Radio Replies, by Fathers Rumble and Carty, 1942

825. We Protestants believe that God alone can forgive sin.

And that is the Catholic teaching also. But the question concerns the way in which God has chosen to administer that forgiveness. We Catholics add that God can delegate His power if He wishes, just as the supreme authority in the state can delegate a judge to administer justice. Would you deny to God that power?

826. But can you prove that God did delegate that power to men?

Yes, Christ was God, and in St. Jn. XX., 21-23 we read these remarkable words, "As the Father hath sent Me I also send you. When He said this He breathed on them; and He said to them: Receive ye the Holy Ghost. Whose sins you shall forgive, they are forgiven them; and whose sins you shall retain, they are retained." Now Christ's mission was to destroy sin, and He gave that same mission to His Apostles. Knowing that their merely human power as men was quite insufficient, He gave them a special communication of the Holy Spirit for this special work. To say that Christ did not confer a true power to forgive sins is to rob the whole ceremony and the words of Christ of any real meaning. And it was obviously a power to be exercised, Christians applying to the Apostles for forgiveness.

828. I believe that the Apostles received the power, but it was for them only and has not been handed on in the Church.

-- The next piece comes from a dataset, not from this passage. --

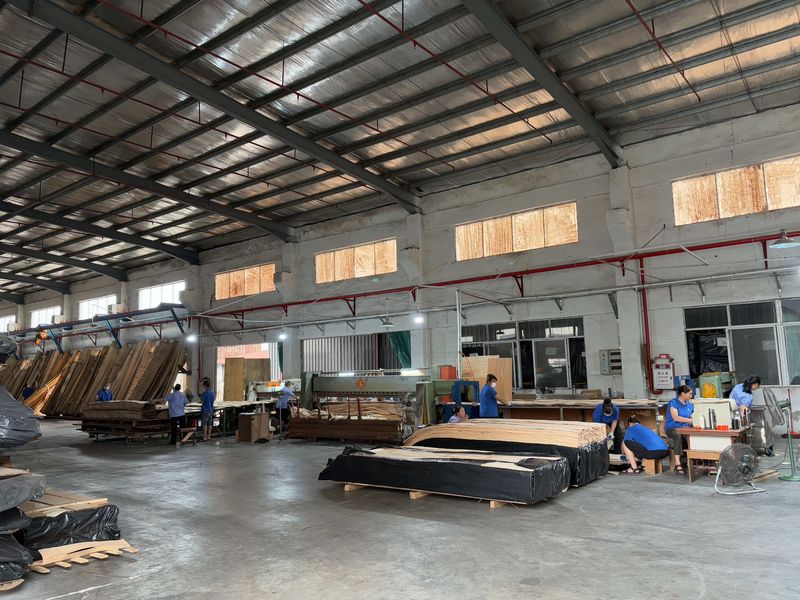Dongguan Lingfeng Wood Industry Co., Ltd. 제조업체의 생산 라인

Christ commissioned His Church to teach all nations till the end of the world. The Apostles had to hand on all essential powers to their successors. And the conditions of salvation must be the same for us as for the first Christians. If those subject to the Apostles had to obtain forgiveness from their fellow men, there is no reason why we should be exempt. We share the same privileges as the early Christians and must have the same obligations. Till the Reformation all Christians went to confession. In the 4th century we find St. Ambrose defending Confession by saying that if a man can forgive sin by baptizing, he claims nothing greater when he claims the power to forgive sin through the Sacrament of Penance. That Priests possessed such power was Christian doctrine in his time and is still the doctrine of the Catholic Church. The Greek Church, which broke away from the Catholic Church in the ninth century, has retained this Apostolic practice. Protestantism gave up the practice in the 16th century because it was uncomfortable and mortifying. But once admit such a principle, and one could abolish every uncomfortable commandment of God.